● **EXERCISE GOAL**
Please repeat, from the entries that follow, the lines from the one containing "1963 Ford Falcon" through the one containing "Phát hiện my" exactly, adding nothing.
*** RECORDS FOR PROCESSING ***
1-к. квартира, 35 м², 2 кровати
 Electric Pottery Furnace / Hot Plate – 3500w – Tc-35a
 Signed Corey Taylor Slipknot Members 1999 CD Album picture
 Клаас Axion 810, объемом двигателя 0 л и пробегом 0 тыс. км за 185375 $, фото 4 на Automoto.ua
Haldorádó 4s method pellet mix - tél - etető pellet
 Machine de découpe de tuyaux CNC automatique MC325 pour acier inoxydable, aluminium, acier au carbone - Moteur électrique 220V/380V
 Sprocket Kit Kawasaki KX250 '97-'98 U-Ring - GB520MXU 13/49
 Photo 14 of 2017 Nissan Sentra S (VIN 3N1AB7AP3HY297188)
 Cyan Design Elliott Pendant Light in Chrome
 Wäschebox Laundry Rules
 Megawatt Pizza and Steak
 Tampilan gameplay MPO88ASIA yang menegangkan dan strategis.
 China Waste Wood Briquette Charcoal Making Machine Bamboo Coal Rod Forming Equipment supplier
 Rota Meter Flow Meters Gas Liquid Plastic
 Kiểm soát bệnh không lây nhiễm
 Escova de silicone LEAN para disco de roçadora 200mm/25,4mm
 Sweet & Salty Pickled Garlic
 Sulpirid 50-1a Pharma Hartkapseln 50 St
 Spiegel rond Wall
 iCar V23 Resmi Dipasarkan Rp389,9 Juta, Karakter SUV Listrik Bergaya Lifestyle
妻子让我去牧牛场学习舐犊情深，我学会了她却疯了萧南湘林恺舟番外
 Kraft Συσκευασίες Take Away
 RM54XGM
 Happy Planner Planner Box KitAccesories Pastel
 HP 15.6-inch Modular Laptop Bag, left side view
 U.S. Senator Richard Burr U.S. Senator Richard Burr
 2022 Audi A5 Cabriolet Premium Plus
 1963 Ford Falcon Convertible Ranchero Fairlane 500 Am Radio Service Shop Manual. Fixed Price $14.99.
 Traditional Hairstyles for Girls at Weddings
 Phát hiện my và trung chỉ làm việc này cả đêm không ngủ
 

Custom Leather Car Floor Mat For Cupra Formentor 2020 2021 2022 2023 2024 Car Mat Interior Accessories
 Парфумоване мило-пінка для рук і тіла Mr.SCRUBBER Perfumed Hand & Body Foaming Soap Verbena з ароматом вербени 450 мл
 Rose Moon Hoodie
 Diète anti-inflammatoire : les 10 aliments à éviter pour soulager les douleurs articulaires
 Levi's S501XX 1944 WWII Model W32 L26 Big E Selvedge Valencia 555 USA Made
*** End of RECORDS FOR PROCESSING ***
● **REPLY**
 1963 Ford Falcon Convertible Ranchero Fairlane 500 Am Radio Service Shop Manual. Fixed Price $14.99.
 Traditional Hairstyles for Girls at Weddings
 Phát hiện my và trung chỉ làm việc này cả đêm không ngủ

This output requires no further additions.